I stepped out of my comfort zone this month to lead a class at our local arts center on Building Your Creative Writing Muscle. I compared writing to training for a marathon — both require putting in miles, changing our lifestyles, having a plan, and celebrating our successes.
The class has been fun, with a wonderful group of folks who have stretched their creative muscles and come up with interesting nuggets to share. I love seeing them get excited about putting their thoughts and ideas down on paper. Feeling like a writer is exhilarating for all of us!
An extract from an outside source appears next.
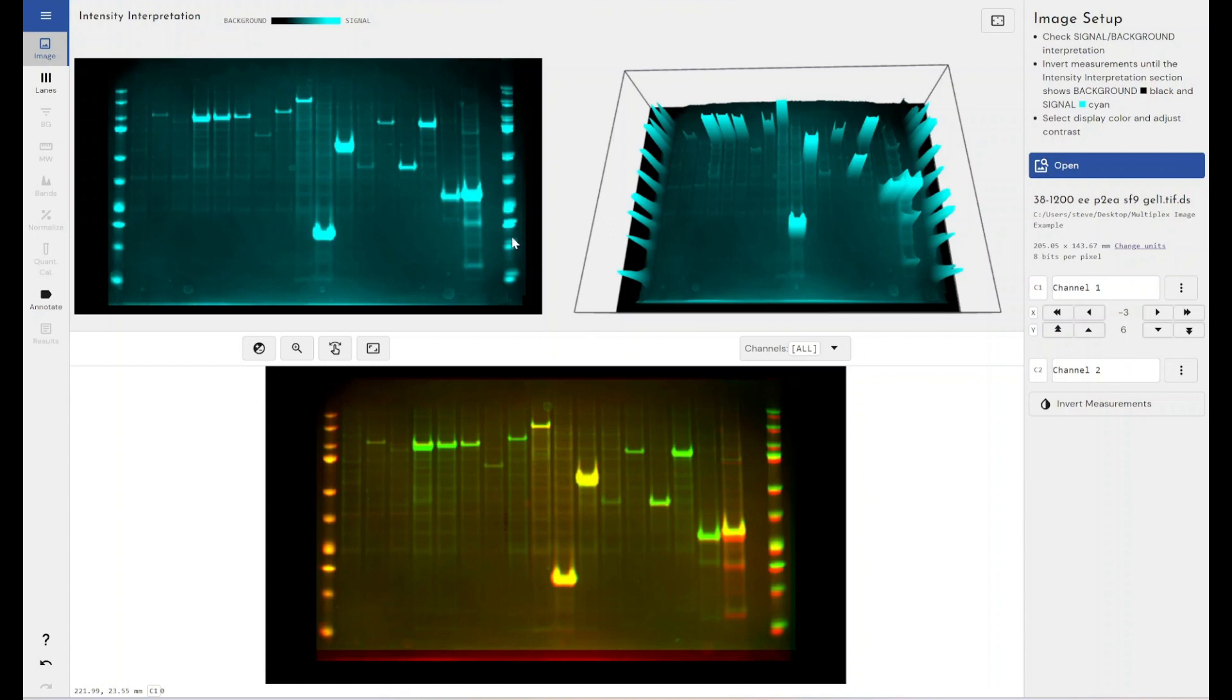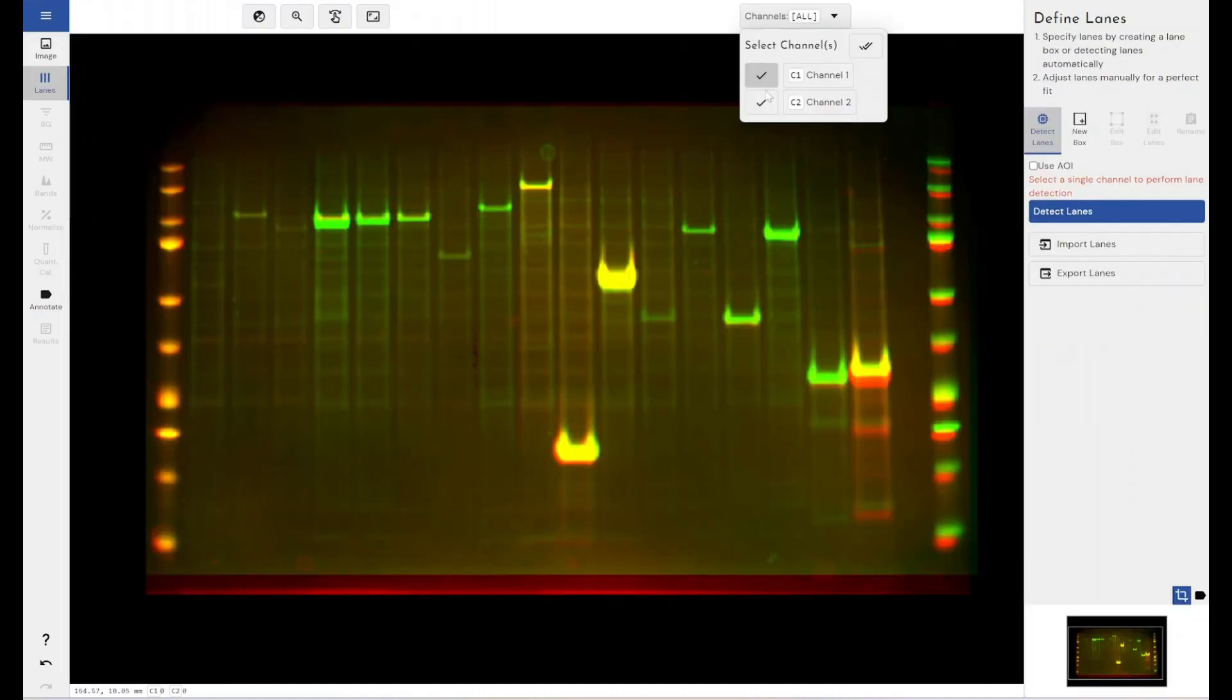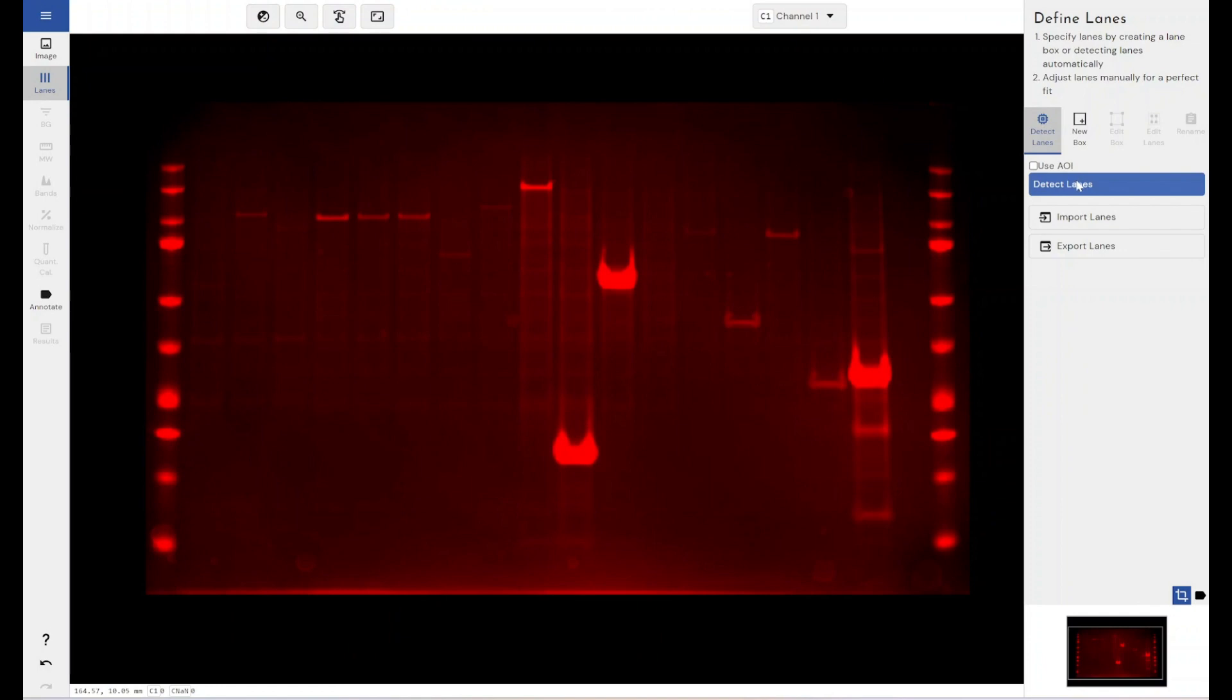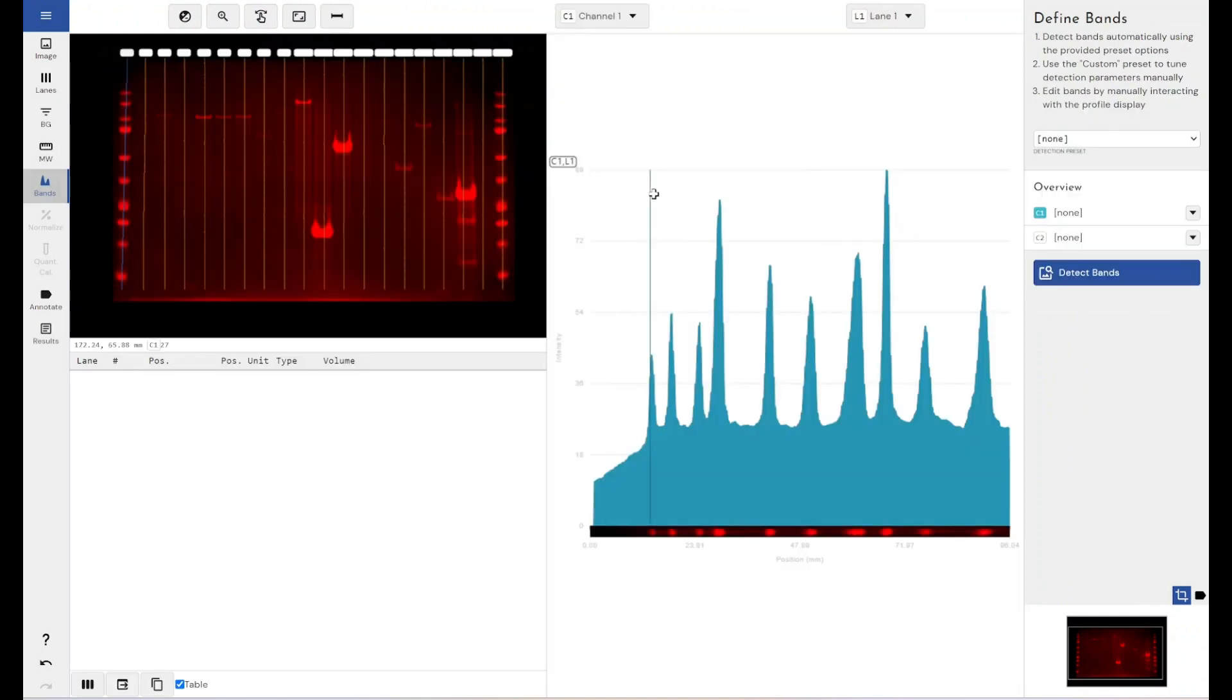So once I've done that and I'm happy with the alignment of my images, I can come across and perform my analysis as usual. So I'll just detect some lanes, which I can only do on a single channel at a time. I'll detect some bands.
This class has been a motivator for me, since I always get more out of a class than anyone else when I teach. As I have encouraged the class members to give themselves permission to daydream and to listen for the figurative language all around them, a part of me that has been fallow for the past year has been peeled back. I feel more alive.
Author Elizabeth Gilbert sums up the creative life well:
“A creative life is an amplified life. It’s a bigger life, a happier life, an expanded life, and a hell of a lot more interesting life.”
Elizabeth Gilbert
Experiencing this more amplified life goes hand in hand with clarity in my spiritual life. When I feel closest to God, my creative muse is awakened and vice versa. Paul describes it as having a veil removed from our eyes.
Even today, whenever Moses is read, a veil lies over their hearts. 16 But whenever someone turns back to the Lord, the veil is removed. 17 The Lord is the Spirit, and where the Lord’s Spirit is, there is freedom.
18 All of us are looking with unveiled faces at the glory of the Lord as if we were looking in a mirror. We are being transformed into that same image from one degree of glory to the next degree of glory. This comes from the Lord, who is the Spirit.
2nd Corinthians 3:15-18
Just like training for a race, I’m learning that I must be intentional about finding my way to this unveiled state of freedom. God may not reveal Himself in bolts of lightning, but when my mind and heart are aware and listening, I hear Him in unexpected ways and places. Like Dorothy landing in Oz, the grass is greener, the birdsong is brighter, the air is crisper.
Here is a poem I wrote as I have flexed my creative muscle:
Zinnias at the End of Summer
They lift their faces to the
brightness of the sun,
Their leggy stems threaten to
pull them down with the
weight of former glory.
Trailing their past along the ground
they leave it behind to bloom again.
My zinnias give me hope.
What is holding you back today from reaching toward the sun like my zinnias?